今回は風雲急を告げる幕末の松山藩の歴史を見ていきたいともいます。
松平勝善
文化14年(1817)、松平勝善は薩摩藩主・島津斉宣の11男として生まれました。
天保3年(1832)7月に16歳で第12代松山藩主・松平定通の養子に入ります。
一方、勝善が継承した時はまさに天明大飢饉の真っただ中という極めて厳しい状況でした。
これに加えて、天保8年(1837)、大塩平八郎の乱で大坂出兵し、安政元年(1854)ペリー再来による幕府からの命令で大森~大井間を2か月間にわたって600人の藩兵で警護についています。
さらに、天保9年(1838)江戸城西丸焼失の復旧に3万両、弘化元年(1844)江戸城本丸焼失の復旧に7,500両、安政2年末には京都御所復旧に2万5,000両という具合に、幕府や朝廷は何かというと親藩である松山藩に献金を求めてきます。
悪いことは重なるのもので、嘉永3年(1850)江戸上屋敷焼失、安政元年11月の安政大地震で江戸藩邸と松山で大きな被害が出るなど、多額の出費が続きます。
養父で先代の定通は、伊予絣(かすり)伊予紙などの特産品を開発し、藩財政を立て直した藩中興の名君です。
災難続きの勝善の治世では、先代が苦労の末ようやく立て直した藩財政もあっけなく悪化したのは言うまでもありません。
松山城天守閣再建
このような状況にもかかわらず、勝善は弘化4年(1847)から5か年間で長年の懸案だった松山城の天守再建を強行します。
松山城の天守閣は養曽祖父松平定国の代に落雷で焼失していました。
現在の松山城を見ると、天守閣がいくつかの櫓とつながった複式の構造になっています。
ですから、天守閣の再建といっても本壇とよばれる天守廓全体を再建することになって、ほとんど造りなおすのと同じくらいの大事業なのです。
さらに、先に述べた安政の大地震で二の丸と三の丸にも大きな被害が出て、実質的に新しく作り直す大工事も行いました。
現在は松山市のランドマークとなっている松山城、観光資源としても計り知れない価値があるのですが、黒船来航時に造るというのはどうにもズレた感じですよね。
これで藩財政は火の車、勝善はこの危機にどう立ち向かったのでしょうか。
松山藩の財政危機
なんと勝善は、半分は自分が招いた財政危機を藩士の給料カットと、領地の町や村からの上納銀米だけで乗り切ったのです。
安政6年の1年間、藩士の給料を石高に関係なく最低限の給料を人数分だけ支給する「人数扶持給与」にしました。(『三百藩藩主人名辞典』)

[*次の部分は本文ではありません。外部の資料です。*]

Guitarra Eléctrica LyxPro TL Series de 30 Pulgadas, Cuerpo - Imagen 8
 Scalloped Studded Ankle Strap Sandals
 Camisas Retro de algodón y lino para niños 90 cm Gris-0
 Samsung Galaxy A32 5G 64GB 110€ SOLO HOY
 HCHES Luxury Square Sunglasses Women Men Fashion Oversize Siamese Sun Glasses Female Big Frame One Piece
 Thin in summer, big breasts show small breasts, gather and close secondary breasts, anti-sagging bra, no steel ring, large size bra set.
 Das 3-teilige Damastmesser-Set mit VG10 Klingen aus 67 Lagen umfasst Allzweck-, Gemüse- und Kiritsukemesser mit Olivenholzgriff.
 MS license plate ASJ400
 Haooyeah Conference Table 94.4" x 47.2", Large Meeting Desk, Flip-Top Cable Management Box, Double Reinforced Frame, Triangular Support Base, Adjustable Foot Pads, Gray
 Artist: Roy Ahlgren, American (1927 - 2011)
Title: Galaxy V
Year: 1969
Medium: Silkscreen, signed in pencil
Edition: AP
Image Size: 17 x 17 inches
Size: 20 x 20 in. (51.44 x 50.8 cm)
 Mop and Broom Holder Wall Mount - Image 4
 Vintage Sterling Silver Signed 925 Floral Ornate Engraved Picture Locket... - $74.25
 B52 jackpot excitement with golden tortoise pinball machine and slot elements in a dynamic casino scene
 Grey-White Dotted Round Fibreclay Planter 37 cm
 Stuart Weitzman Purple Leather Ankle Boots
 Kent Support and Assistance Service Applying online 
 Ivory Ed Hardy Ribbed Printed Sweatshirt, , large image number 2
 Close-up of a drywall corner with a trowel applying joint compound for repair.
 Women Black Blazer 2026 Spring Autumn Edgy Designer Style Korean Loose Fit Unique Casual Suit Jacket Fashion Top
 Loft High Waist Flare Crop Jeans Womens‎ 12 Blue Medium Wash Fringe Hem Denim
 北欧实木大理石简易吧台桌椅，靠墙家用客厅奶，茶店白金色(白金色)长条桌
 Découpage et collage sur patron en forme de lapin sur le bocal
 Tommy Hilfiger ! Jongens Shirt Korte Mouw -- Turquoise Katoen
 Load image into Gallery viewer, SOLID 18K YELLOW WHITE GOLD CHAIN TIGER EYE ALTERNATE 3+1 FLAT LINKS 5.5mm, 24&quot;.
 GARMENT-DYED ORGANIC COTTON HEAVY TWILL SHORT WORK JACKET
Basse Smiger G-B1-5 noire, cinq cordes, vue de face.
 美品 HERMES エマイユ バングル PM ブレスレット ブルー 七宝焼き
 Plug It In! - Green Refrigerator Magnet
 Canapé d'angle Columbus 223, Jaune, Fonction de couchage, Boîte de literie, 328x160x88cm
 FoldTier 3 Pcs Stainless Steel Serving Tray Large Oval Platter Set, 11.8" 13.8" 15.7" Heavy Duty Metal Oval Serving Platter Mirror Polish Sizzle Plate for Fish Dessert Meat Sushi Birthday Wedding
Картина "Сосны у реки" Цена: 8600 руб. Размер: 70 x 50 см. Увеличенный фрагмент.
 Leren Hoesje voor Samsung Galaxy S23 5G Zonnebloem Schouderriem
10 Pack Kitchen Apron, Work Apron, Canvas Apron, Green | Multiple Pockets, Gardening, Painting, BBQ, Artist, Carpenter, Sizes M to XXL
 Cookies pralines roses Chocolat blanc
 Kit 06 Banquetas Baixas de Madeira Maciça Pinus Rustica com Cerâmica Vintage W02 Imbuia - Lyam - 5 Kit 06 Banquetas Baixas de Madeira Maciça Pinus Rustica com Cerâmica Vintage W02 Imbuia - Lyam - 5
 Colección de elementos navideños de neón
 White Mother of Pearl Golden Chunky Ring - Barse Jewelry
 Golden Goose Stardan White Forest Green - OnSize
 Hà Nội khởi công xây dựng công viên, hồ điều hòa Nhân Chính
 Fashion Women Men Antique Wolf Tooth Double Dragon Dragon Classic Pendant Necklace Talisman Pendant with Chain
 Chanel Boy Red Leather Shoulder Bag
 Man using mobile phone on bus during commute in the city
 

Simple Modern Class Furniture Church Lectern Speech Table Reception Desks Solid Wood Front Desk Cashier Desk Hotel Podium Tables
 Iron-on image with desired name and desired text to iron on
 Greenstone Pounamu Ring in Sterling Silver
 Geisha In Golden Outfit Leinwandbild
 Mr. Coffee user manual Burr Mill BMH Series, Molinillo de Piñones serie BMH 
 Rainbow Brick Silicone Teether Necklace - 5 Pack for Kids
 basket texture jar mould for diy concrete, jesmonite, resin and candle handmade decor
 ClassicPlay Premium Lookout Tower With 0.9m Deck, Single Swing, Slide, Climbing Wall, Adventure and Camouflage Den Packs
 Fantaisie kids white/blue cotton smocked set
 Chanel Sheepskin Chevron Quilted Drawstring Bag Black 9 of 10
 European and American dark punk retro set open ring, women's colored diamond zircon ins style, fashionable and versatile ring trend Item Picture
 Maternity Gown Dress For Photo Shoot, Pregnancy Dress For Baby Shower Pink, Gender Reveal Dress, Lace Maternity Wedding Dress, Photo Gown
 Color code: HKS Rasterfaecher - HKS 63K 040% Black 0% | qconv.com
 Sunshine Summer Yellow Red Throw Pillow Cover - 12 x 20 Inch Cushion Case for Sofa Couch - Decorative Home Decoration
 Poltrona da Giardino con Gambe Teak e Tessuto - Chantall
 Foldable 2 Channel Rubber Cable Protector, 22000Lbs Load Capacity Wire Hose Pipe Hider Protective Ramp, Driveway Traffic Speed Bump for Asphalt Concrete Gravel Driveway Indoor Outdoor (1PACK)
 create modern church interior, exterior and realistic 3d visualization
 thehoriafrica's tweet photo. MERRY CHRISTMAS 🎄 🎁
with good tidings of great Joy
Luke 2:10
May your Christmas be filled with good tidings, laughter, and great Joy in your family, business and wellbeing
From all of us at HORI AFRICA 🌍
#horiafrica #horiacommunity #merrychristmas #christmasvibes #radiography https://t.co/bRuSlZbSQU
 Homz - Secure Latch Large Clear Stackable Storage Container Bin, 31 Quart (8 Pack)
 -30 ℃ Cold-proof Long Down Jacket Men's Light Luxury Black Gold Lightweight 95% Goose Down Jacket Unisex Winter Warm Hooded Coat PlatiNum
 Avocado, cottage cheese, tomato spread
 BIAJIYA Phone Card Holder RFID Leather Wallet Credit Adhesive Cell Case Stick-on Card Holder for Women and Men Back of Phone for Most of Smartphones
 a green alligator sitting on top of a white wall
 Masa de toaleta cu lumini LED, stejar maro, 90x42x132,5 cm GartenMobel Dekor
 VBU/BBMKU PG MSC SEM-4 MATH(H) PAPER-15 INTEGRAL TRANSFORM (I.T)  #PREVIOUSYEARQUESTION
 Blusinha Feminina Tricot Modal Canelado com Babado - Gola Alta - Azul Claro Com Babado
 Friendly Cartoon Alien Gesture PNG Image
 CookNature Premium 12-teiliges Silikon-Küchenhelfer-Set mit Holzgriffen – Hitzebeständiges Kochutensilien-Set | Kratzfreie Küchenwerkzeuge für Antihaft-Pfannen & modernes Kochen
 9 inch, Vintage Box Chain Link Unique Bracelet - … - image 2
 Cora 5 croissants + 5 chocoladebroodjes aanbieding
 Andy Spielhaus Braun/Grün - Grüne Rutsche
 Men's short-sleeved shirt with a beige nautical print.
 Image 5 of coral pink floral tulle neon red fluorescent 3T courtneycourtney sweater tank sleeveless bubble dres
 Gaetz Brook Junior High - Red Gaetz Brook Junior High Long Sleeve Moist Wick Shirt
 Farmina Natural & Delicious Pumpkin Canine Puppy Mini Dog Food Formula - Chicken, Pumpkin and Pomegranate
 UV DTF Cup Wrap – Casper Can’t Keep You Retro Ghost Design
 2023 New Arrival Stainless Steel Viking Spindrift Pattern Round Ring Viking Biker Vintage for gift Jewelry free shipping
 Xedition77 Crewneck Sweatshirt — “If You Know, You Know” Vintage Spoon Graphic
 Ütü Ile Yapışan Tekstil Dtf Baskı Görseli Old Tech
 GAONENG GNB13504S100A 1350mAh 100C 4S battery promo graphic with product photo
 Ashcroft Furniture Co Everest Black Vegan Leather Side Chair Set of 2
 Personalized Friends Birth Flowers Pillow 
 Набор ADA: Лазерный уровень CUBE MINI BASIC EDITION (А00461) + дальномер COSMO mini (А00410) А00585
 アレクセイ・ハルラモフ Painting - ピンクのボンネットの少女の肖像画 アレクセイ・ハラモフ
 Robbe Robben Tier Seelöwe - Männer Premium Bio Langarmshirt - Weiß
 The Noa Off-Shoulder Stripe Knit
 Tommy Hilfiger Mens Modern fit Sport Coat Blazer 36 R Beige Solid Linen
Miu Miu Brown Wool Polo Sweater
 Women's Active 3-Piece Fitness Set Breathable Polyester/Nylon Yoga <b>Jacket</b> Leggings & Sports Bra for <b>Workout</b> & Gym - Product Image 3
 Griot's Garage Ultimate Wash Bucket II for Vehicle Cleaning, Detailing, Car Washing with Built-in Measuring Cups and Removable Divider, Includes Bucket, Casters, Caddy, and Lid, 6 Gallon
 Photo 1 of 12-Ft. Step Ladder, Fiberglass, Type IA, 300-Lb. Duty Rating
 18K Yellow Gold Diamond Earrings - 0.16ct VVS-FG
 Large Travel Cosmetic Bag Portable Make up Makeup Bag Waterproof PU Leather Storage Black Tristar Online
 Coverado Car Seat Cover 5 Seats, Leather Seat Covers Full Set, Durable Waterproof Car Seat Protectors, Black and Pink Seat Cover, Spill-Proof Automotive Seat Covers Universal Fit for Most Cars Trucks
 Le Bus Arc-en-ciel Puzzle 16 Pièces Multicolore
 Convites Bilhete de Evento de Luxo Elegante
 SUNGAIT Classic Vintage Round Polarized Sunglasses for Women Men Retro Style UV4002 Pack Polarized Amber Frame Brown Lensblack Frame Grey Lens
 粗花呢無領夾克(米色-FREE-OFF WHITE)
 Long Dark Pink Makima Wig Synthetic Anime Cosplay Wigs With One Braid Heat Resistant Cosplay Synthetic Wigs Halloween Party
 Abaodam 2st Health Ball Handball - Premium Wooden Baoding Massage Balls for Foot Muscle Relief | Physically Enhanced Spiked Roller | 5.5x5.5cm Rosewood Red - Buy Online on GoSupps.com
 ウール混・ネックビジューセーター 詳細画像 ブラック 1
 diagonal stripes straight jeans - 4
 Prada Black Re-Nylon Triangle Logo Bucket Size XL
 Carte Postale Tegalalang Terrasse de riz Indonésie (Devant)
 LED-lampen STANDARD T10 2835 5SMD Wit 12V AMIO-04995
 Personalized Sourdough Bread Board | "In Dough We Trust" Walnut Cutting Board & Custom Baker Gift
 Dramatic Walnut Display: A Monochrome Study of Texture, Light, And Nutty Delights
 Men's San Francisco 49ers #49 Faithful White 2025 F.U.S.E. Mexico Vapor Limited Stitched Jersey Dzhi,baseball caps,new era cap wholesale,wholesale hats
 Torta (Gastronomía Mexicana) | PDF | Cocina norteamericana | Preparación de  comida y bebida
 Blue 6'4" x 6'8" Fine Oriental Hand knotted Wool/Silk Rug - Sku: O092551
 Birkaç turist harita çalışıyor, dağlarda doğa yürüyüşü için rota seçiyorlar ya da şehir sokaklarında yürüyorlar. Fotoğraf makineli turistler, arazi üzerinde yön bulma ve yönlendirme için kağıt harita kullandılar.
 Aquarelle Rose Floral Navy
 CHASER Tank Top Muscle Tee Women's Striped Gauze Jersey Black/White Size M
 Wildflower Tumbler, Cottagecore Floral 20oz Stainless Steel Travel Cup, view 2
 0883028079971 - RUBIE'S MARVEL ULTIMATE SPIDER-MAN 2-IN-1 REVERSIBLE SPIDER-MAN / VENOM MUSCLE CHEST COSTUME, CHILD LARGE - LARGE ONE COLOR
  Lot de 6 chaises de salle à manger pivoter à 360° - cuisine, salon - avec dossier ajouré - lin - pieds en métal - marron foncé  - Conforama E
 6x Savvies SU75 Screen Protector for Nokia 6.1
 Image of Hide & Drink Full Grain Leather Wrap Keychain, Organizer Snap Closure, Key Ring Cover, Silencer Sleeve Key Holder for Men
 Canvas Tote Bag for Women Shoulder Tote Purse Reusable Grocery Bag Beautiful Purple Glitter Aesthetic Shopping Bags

当時(安政4年)の松山藩の松山藩収支を見てみると、年貢総収入が28万5,398俵なのに対して、支出は藩士の給料に当たる家中俸禄が11万7,304俵(41%)、江戸藩邸費6万俵(21%)、参勤交代・臨時支出費10万8,094俵(38%)(『角川地名大辞典 愛媛県』)となっています。
藩士の給料を1割くらいに抑えるわけですから、確かに劇的に藩の財政状況は改善します。
しかし当然藩士たちにも生活があるわけで、「1年間給料は最低賃金のみ」と無茶をいわれると、生活だけで手いっぱいとなってやる気がすっかりなくなってしまうのは容易に想像できるところ。
さらに前々から給料の三割カットが常態化していましたので、なおさらです。
これ以降、藩主の勝善が軍制改革に自主参加せよ、と呼び掛けても誰もついてこない有様となってしまったのでした。
松平勝善死去
こうして、本来は藩政改革や軍制改革に使うべき費用を、幕府や朝廷への献金と天守復興に費やした松山藩では、有効な改革を行うことが出来なかったのは当然の成り行きと言えるでしょう。
この状況で、安政3年(1856)に勝善は江戸藩邸で亡くなってしまいます。
長年の心労が祟ったのか、働き盛りといえる40歳の若さでした。
次回は、難問山積の松山藩を引き継いだ勝成の治世を見てみたいと思います。